The YBA Assembly 2016 - Part One

THEY came from the margins of Yorkshire to the centre of Sheffield…

Worship at The WellAbout 140 people turned out for the YBA Assembly, which this year was held at one of the Association’s newest Baptist churches – The Well, in Sheffield. The theme was “From the Margins to the Centre – Discipleship in the Church Today” and the guest speaker was the Revd Roy Searle, one of the founders of the Northumbria Community, a new monastic missional community.
Regional Minister and Team Leader the Revd Graham Ensor welcomed everyone and said it was good to be together because it reminded us how we were part of the wider Baptist family. He hoped people would be encouraged by the stories of life and vitality among our churches.
Worship was led by a band from The Well before Roy was welcomed by Graham.
Hall at Well
Roy brought greetings from the Northumbria Community and spoke about what was happening there. He was encouraged by what he saw on the margins, how people were rediscovering that they needed to be a people of movement.
“The Kingdom of God is more important than a building or a service we run,” he said. He spoke of how he had come to faith from an unchurched background and was thankful for the people who had discipled him, for their passion for God and the desire to share the Gospel.
“Being missional with a commitment to discipleship belong together – like twins.
“The Great Commandment and the Great Commission are imperatives, absolutes, essentials, non-negotiables. But just as it is essential for any team that wants to win the European Football Championships to score more goals than the opposition, there are different ways to achieve these goals and win.
“Likewise when it comes to discipleship; one size does not fit all.”

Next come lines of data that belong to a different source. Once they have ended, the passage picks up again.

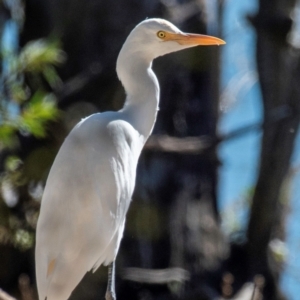 Bubulcus coromandus at Bundaberg North, QLD - 10 Jun 2024 11:02 AM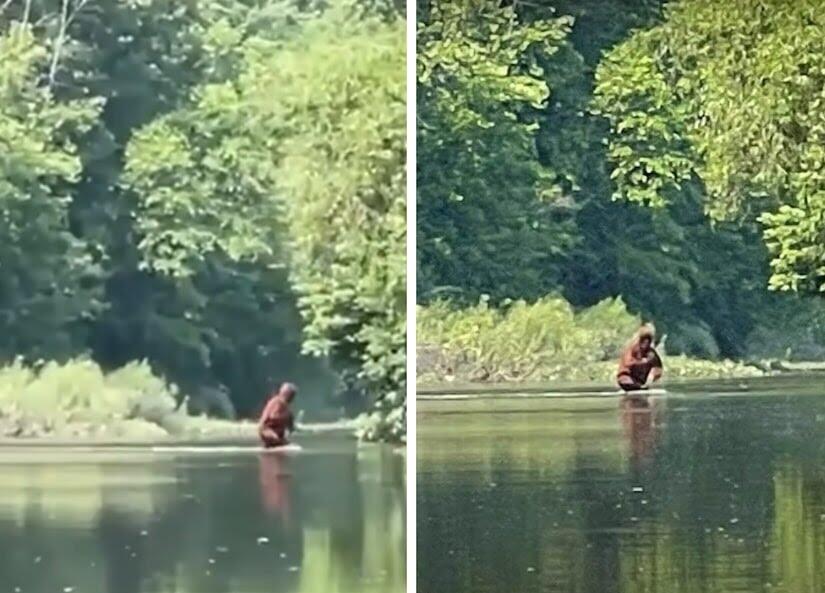 Serem ! Lagi Ngerekam Video, Eh Muncul 'SOSOK' Bigfoot Raksasa Berjalan Di Sungai !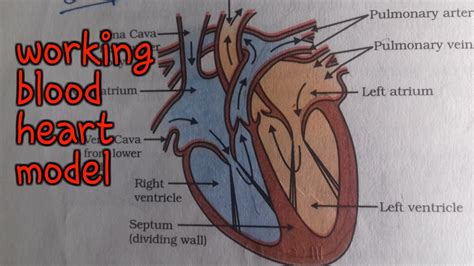 Class 10 Science Life Process Working of Heart Note Sheet に対する画像結果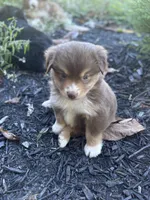 Poppy , a female Miniature Australian Shepherd for sale in Shinnston, WV – 2 of 5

He said we were in a changing spiritual, moral, cultural and economic climate and three generations had no association with Church.

“We are called to be missional people, here in the North of England. 90 per cent of the British population today are unreached – we must go into the world and make disciples.”
He quoted Rowan Williams, who insisted that church is a verb – active! “It is what happens when people encounter the risen Jesus and commit themselves to sustaining and deepening that encounter with each other.” The Church of Scotland’s Church Without Walls report said the Church was “People on the move with Jesus, going wherever Jesus leads them.”
Jesus’s itinerant ministry was not because of a lack of ability to settle but because other communities needed to hear the good news of the Kingdom of God. He took 12 with him and a larger group of male and female disciples and the crowds who gathered for a time. There were various levels of commitment- all centred on Jesus and mission.
“They see the Kingdom in action as they learn about its way of life and the person at its centre. This is a vision for a church as a community of missional disciples, inviting others into their pilgrimage.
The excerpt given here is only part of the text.